TAIPEI, Taiwan — China has accused two Chinese nationals of spying for Britain, posing a new test for increasingly tense relations between the two countries.
China and Britain are at odds over Beijing’s crackdown on freedom of speech and open elections in Hong Kong, a former British territory that has been guaranteed economic and political freedoms for 50 years since it was handed over to China in 1997.
China’s main intelligence agency, the Ministry of State Security, announced in a social media message on Monday that it had uncovered a major espionage case involving a married couple known only by their surname, Wang and Zhou, who are allegedly recruited by Britain’s foreign intelligence service, M16. The ministry said Wang came to Britain as a student in 2015 and his wife later accompanied him. Wang was provided with a hotel room, trips around Britain and financial incentives.

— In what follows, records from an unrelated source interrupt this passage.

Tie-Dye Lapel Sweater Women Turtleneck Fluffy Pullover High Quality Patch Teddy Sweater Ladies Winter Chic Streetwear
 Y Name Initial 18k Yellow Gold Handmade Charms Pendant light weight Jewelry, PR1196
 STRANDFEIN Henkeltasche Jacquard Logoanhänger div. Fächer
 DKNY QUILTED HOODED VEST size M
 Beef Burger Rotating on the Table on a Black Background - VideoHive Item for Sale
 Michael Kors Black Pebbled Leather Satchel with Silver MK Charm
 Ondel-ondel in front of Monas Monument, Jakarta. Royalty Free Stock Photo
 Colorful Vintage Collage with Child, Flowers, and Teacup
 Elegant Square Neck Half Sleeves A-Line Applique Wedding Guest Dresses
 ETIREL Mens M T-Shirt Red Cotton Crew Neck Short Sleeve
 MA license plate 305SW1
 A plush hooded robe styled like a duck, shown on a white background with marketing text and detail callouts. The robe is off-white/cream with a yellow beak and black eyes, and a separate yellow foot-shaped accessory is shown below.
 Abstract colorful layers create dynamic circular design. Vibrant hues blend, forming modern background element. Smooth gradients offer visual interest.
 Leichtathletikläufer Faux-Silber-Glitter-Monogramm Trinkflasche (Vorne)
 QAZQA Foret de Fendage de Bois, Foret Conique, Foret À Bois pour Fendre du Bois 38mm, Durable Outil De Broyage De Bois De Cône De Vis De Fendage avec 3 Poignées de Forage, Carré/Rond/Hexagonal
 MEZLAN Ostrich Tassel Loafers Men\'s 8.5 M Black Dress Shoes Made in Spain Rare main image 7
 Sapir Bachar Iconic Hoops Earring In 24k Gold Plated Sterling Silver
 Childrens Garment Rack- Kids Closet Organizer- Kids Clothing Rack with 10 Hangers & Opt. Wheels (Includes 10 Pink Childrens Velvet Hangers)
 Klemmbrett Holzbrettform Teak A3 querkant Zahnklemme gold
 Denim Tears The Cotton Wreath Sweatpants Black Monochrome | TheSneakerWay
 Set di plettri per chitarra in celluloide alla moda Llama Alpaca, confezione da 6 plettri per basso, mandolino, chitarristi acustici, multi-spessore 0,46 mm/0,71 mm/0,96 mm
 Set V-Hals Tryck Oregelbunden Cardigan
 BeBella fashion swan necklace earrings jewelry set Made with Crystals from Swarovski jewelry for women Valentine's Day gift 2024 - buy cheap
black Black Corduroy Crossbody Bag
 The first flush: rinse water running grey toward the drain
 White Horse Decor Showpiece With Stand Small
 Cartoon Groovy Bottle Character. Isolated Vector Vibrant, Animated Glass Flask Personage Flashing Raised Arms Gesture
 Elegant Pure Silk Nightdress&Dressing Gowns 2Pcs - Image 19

The ministry said the couple worked for a “central government agency” of the Chinese government and handled government secrets, which they passed on to MI6. It did not say what specific information the couple may have provided. It said the case was still under investigation and gave no indication of the couple’s whereabouts.
There has been no immediate comment from the UK.
Britain announced last month that it would try two men on suspicion of collecting secret information for Hong Kong authorities. A third suspect, 37-year-old Briton Matthew Trickett, also charged in the case, was found dead in a park under unknown circumstances, police said. Police later said the death was not being treated as suspicious.